By July 25, 2007, Christina Cox, a worker at the Fifth Street nursing home, was discharged, according to a complaint filed before the NLRB Region 9.
Teamsters Local Union 92 alleges that Cox lost her job because she “formed, joined or assisted the union and engaged in concerted activities” and discussed the disciplinary action imposed by Bryant for soliciting or collecting contributions or distributing literature on company time.
The union also charges that Robert Morris, administrator at the health center, “impliedly threatened” to cut workers’ pay if they went union.
“(The center) has been interfering with, restraining and coercing employees in the exercise of their rights guaranteed in (the National Labor Relations Act),” the complaint states. “(The center) has been discriminating in regard to the hire or tenure or terms or conditions of employment of its employees, thereby discouraging membership in a labor organization.”
Morris referred questions to the health center’s attorney, Ronald Mason of Mason Law Firm, a Dublin-based firm specializing in labor, civil rights and OSHA law.
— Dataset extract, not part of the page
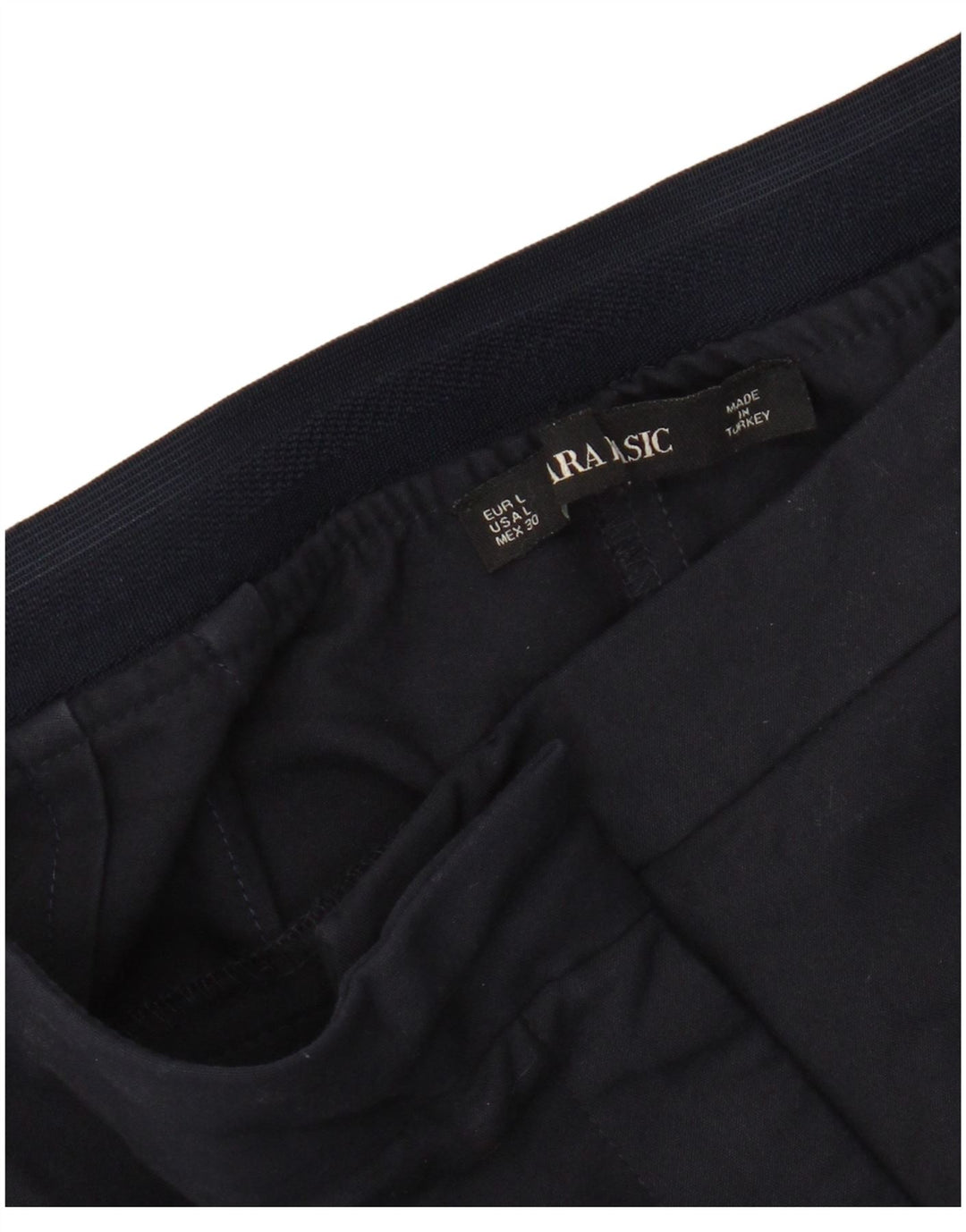 Pantaloni tăiați pentru femei ZARA L30 L24, albastru bleumarin, bloc de culoare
“We deny those allegations and we believe we haven’t done anything wrong,” Mason said in a phone interview from his office Wednesday morning. “We intend to prove to a judge that we haven’t done anything wrong.
“Bryant has been a long established company. We followed the law and we don’t believe we have violated the law. These kind of cases get filed all the time.”
Calls were also placed to Jonathan Bowman of the Teamsters and Gary Muffley, Regional Director, Region 9, National Labor Relations Board and were not returned by press time.
A NLRB notice has scheduled the trial for 9 a.m. Jan. 15, 2008, in the Conference Room, Second Floor, City Center, 301 S. Third St. However Mason anticipates that date to be changed.